Not Your Ordinary Darwinian

“There are good reasons for bad feelings. Anxiety and depression are often excessive because they benefit genes at our expense,” Nesse explains. In other words, your startle response is worth it, just in case that funny noise you heard really is an intruder.

If your personal “moodostat” is broken and you suffer with panic disorder, this evolutionary explanation isn’t much comfort, is it?

However, I realized Nesse isn’t your ordinary Darwinian. “How can the mindless selection that maximizes only reproductive success have shaped brains that make committed loving relationships and meaningful happy lives possible?” he asked. “Most people’s lives are nothing like the selfish competition for money and sex imagined by naïve Darwinians. People meditate, pray, cooperate, love, and care for others, even strangers. Our species is remarkably endowed, not only intellectually but also socially, morally, and emotionally. Understanding the origins of love and morality is a crucial foundation for understanding social anxiety and grief and the deep relationships they make possible.”

I wasn’t expecting that.

Jesse Wright, MD, founding director of the UofL Depression Center

When Jesse Wright, MD, and his colleagues at the Depression Center came up with the conference theme “Is There A Better Way? Explorations in Mental Health Treatment” I guess they really meant it.

Not Your Ordinary Psychiatrist

Evidently, Nesse is not your ordinary psychiatrist, either. In his book Good Reasons for Bad Feelings: Insights from the Frontier of Evolutionary Psychiatry, he’s attempting to disrupt current thinking in three big ways:

1. Stop viewing symptoms as diseases

In other words, don’t assume everything is caused by a brain disorder or a chemical imbalance.

“No specific brain or genetic abnormality that causes depression has been found. Most patients get some benefit, but many are ‘treatment resistant’ or experience intolerable side effects. Only a minority of patients gets enduring complete relief.”

That kind of puts things in perspective, doesn’t it?

2. Stop treating symptoms without paying attention to what is arousing them

I think he’s suggesting something I encounter every day: Recognize low mood and anxiety as potentially appropriate, adaptive responses to difficult life situations — situations that are complex, extremely uncomfortable and for which it’s not so much about finding a solution, but rather finding resolution.

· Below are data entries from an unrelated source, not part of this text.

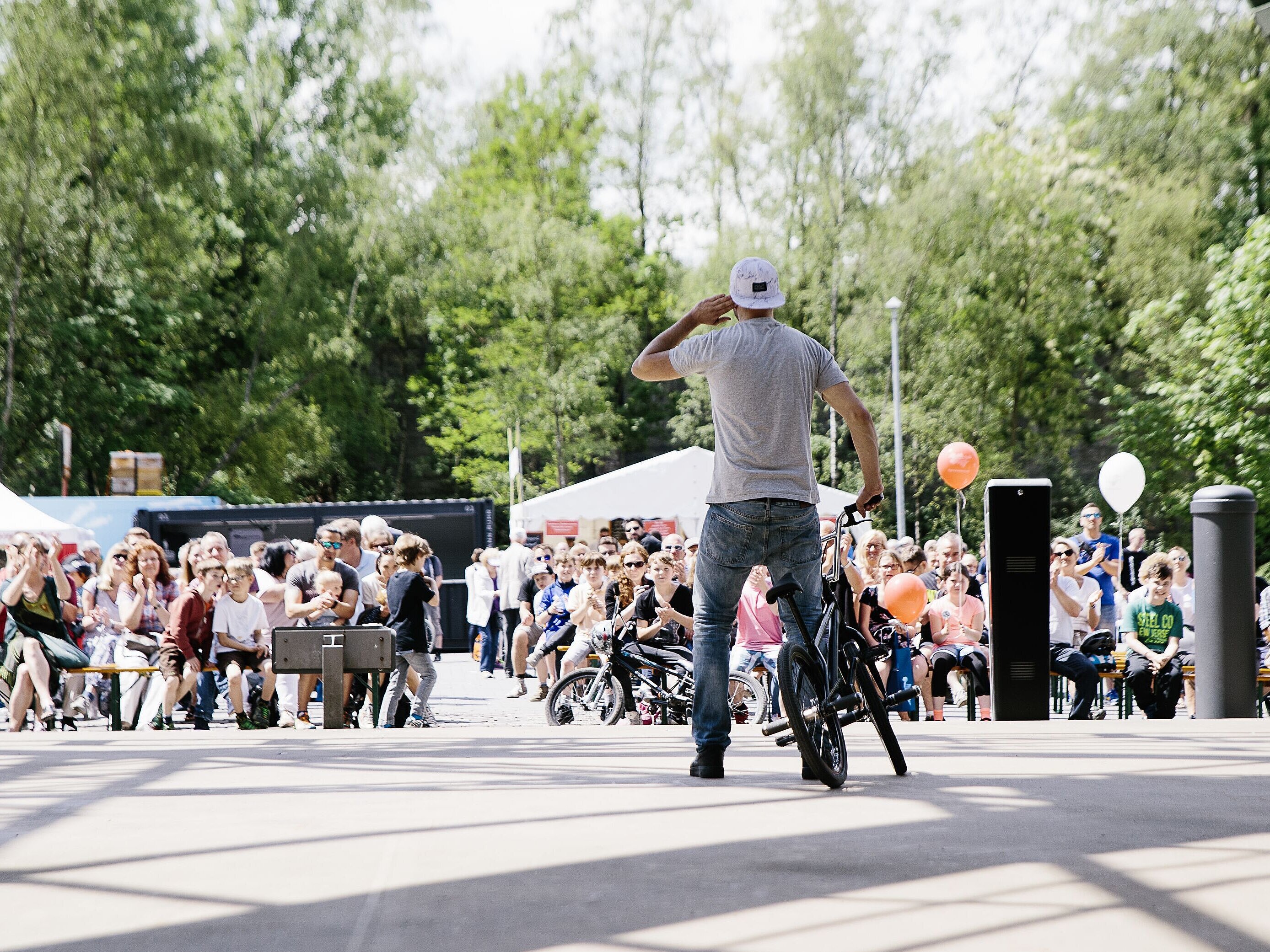 Fahrradsommer der Industriekultur 2018 des Regionalverbandes Ruhr (RVR) an der Jahrhunderthalle in Bochum.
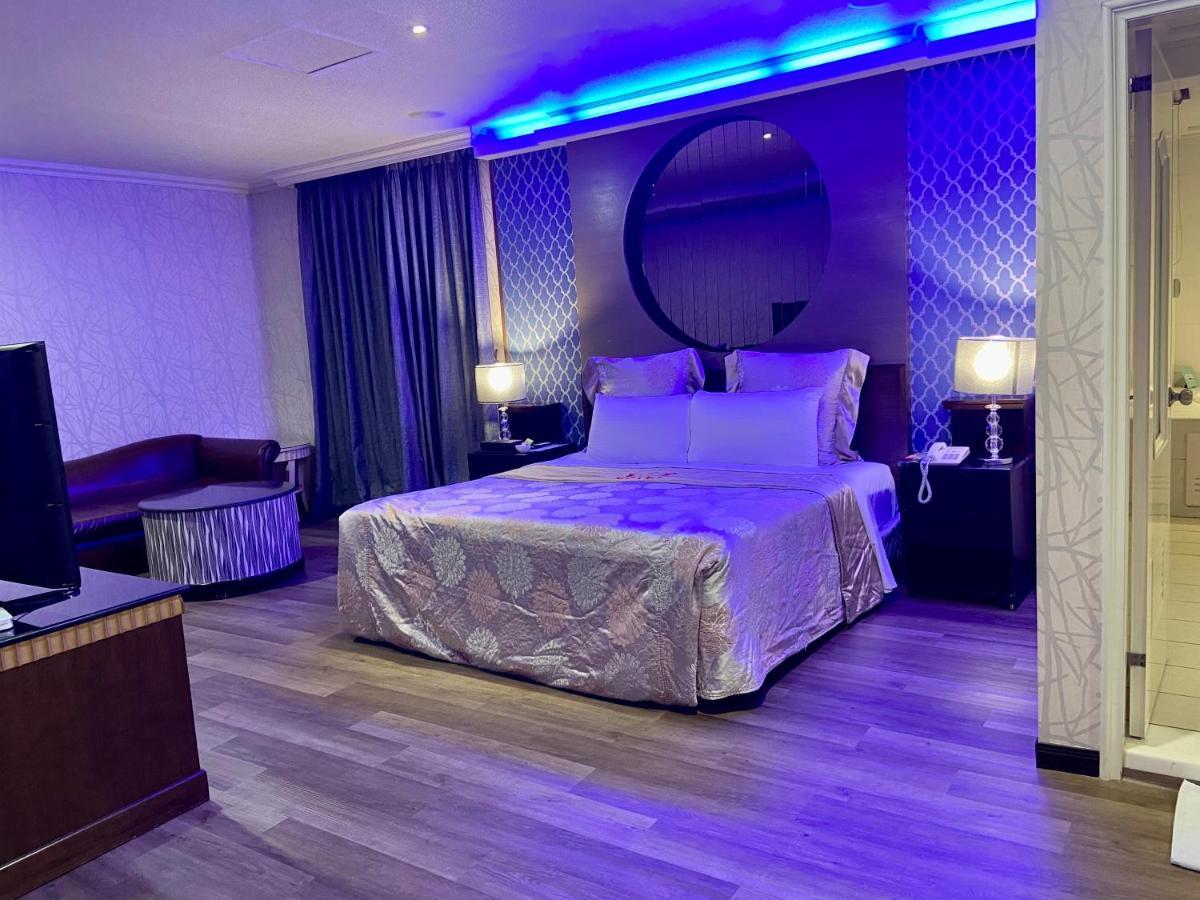 Pingtung Huang Xing Motel מראה חיצוני תמונה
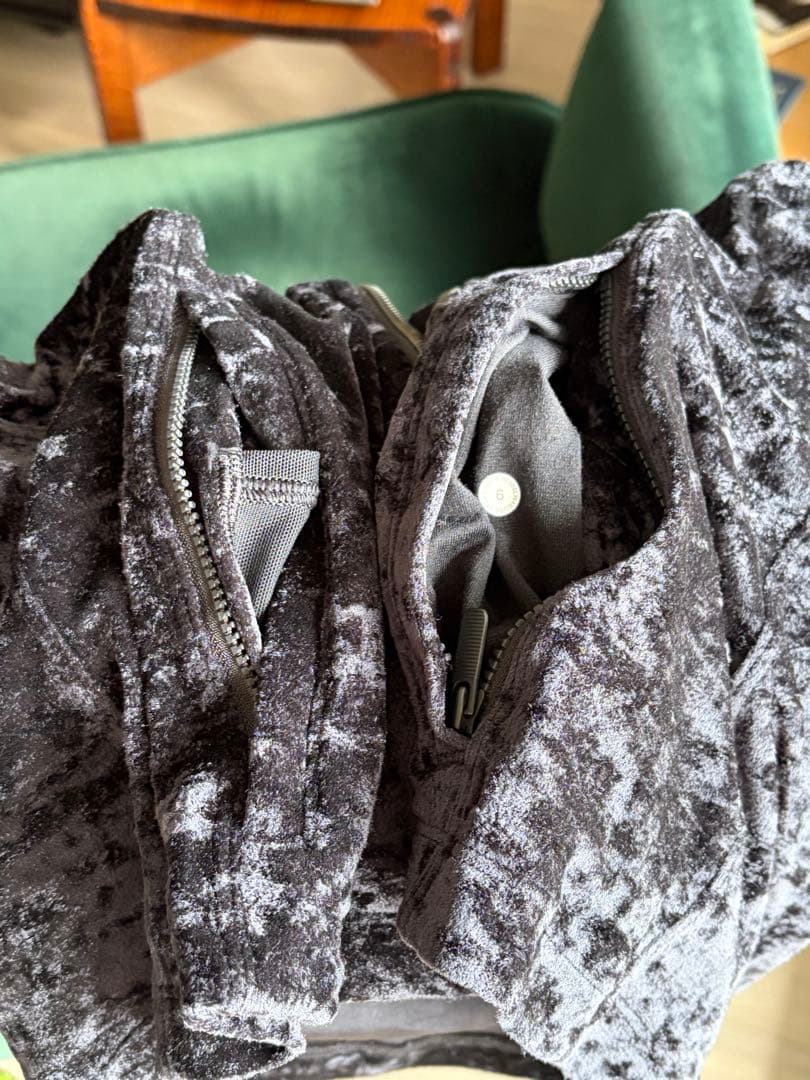 ルルレモンセットアップ　ヨガスタジオ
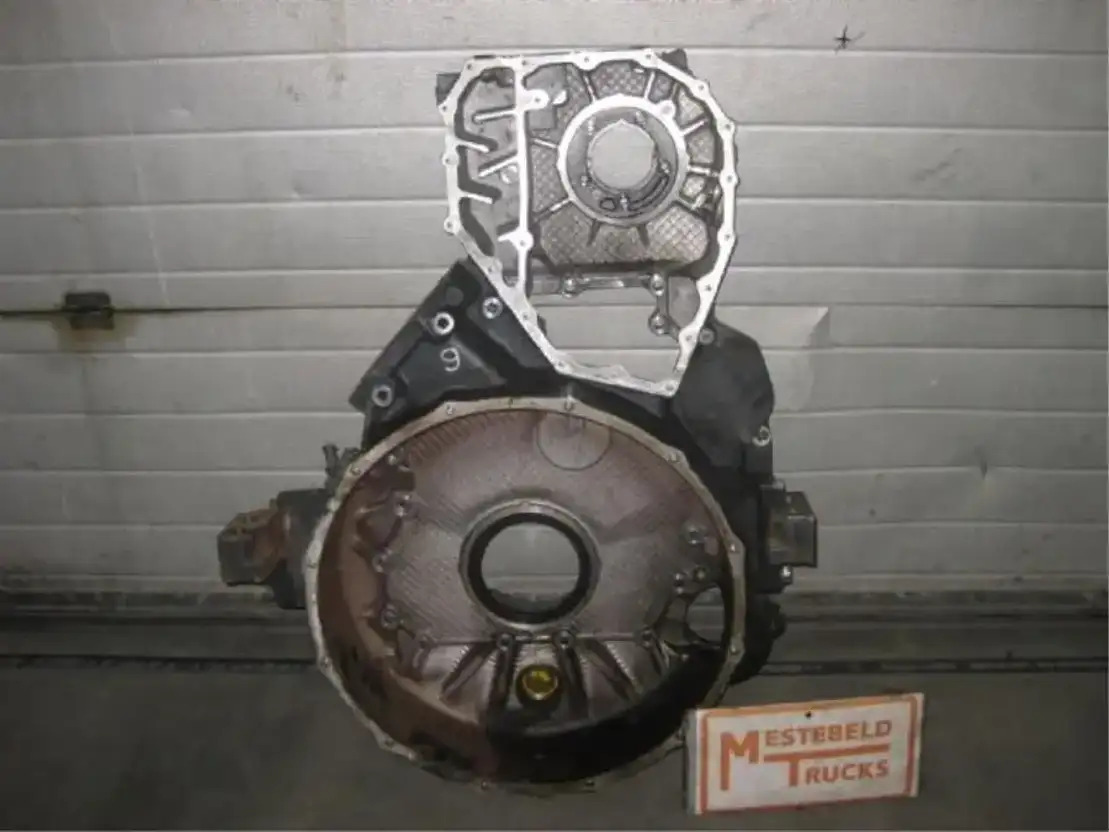 Iveco Vliegwielhuis - Moteur et pièces pour Camion: photos 1 Iveco Vliegwielhuis - Moteur et pièces pour Camion: photos 1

With the pressure we feel to provide relief for our clients’ suffering, it’s no wonder we’re tempted to fall back on simple, quick fixes for complex problems.

3. Figure out how to treat abnormal responses by studying normal responses.

In other words, make sense of mood disorders in the context of normal mood. The way Nesse puts it, “The rest of medicine uses its understanding of normal functioning as a foundation for understanding pathology. This allows it to distinguish symptoms from diseases and to recognize syndromes such as heart failure that can have many causes.”

He’s not saying we should let up on our pragmatic focus on the immediate, proximate causes of our suffering and ways to relieve it as quickly and completely as possible.

It’s just that if we’re really smart, we’ll take a two-pronged approach that includes recognizing that our environments are changing faster than we can adapt to them. It’s not hard to see how our high-calorie Western diet and lack of exercise are examples of a “gene-environment misfit” that we’re living every day.

Sometimes there are good reasons for bad feelings. Recognizing that reality without being shattered by it is how we’re going to manage to get to the other side.

Fortunately, there’s also another side to the story, as Nesse points out, “Perhaps most profound of all, evolution explains the origins of our amazing capacity for love and goodness and why they carry the price of grief, guilt, and thank goodness, caring inordinately about what others think about us.”